Set up paths and W&B project name.


In [None]:
# Paths
cl_path = project_dir/'models'/'sentiment_lora'
cl_data_path = project_dir/'data'/'sentiment_data'

# W&B Configuration
WANDB_PROJECT = "finbert-lora-hyperparameter-sweep"
WANDB_ENTITY = None  # Set your W&B entity/username if needed

print(f"Model path: {cl_path}")
print(f"Data path: {cl_data_path}")
print(f"W&B Project: {WANDB_PROJECT}")


## 3. Define LoRA Sweep Configuration

This defines the hyperparameter search space specifically for LoRA fine-tuning.

### Key LoRA Parameters:
- **lora_r**: Rank of the low-rank matrices.

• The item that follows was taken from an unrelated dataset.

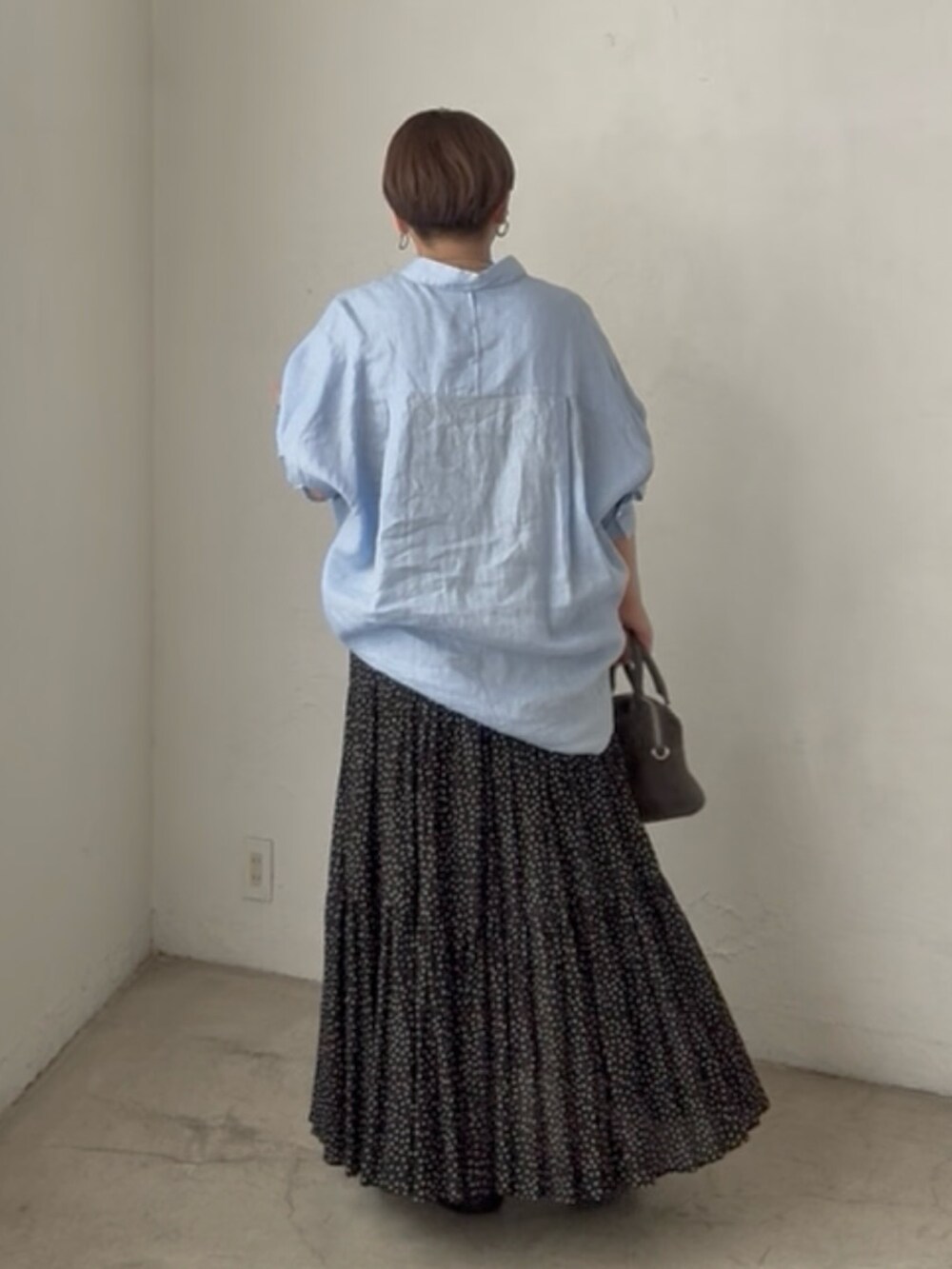 ブルー系のシャツ/ブラウス、ブラック系のスカートを着用したレディースの夏コーディネートの2枚目の写真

Higher = more parameters, more capacity
- **lora_alpha**: Scaling factor. Often set to 2*r or equal to r
- **lora_dropout**: Dropout applied to LoRA layers
- **lora_target_modules**: Which attention matrices to apply LoRA to


In [None]:
sweep_config = {
    'method': 'bayes',  # 'grid', 'random', or 'bayes'
    'metric': {
        'name': 'val_loss',
        'goal': 'minimize'
    },
    'parameters': {
        # LoRA-specific parameters
        'lora_r': {
            'values': [4, 8, 16, 32]
        },
        'lora_alpha': {
            'values': [8, 16, 32, 64]
        },
        'lora_dropout': {
            'distribution': 'uniform',
            'min': 0.0,
            'max': 0.2
        },
        'lora_target_modules': {
            'values': [
                ['query', 'value'],           # Standard: Q and V matrices
                ['query', 'key', 'value'],    # All attention matrices
                ['query', 'value', 'dense'],  # Q, V + output projection
            ]
        },
        # Higher learning rates for LoRA (key difference from full fine-tuning)
        'learning_rate': {
            'distribution': 'log_uniform_values',
            'min': 1e-4,
            'max': 1e-3
        },
        # Standard training parameters
        'num_train_epochs': {
            'values': [5, 8, 10, 15]
        },
        'train_batch_size': {
            'values': [16, 32, 64]
        },
        'warm_up_proportion': {
            'distribution': 'uniform',
            'min': 0.1,
            'max': 0.3
        },
        'max_seq_length': {
            'values': [48, 64, 96]
        }
    }
}

print("LoRA Sweep configuration created")
print(f"  Method: {sweep_config['method']}")
print(f"  Optimization metric: {sweep_config['metric']['name']}")
print(f"  LoRA parameters being tuned:")
print(f"    - lora_r: {sweep_config['parameters']['lora_r']['values']}")
print(f"    - lora_alpha: {sweep_config['parameters']['lora_alpha']['values']}")
print(f"    - lora_dropout: [{sweep_config['parameters']['lora_dropout']['min']}, {sweep_config['parameters']['lora_dropout']['max']}]")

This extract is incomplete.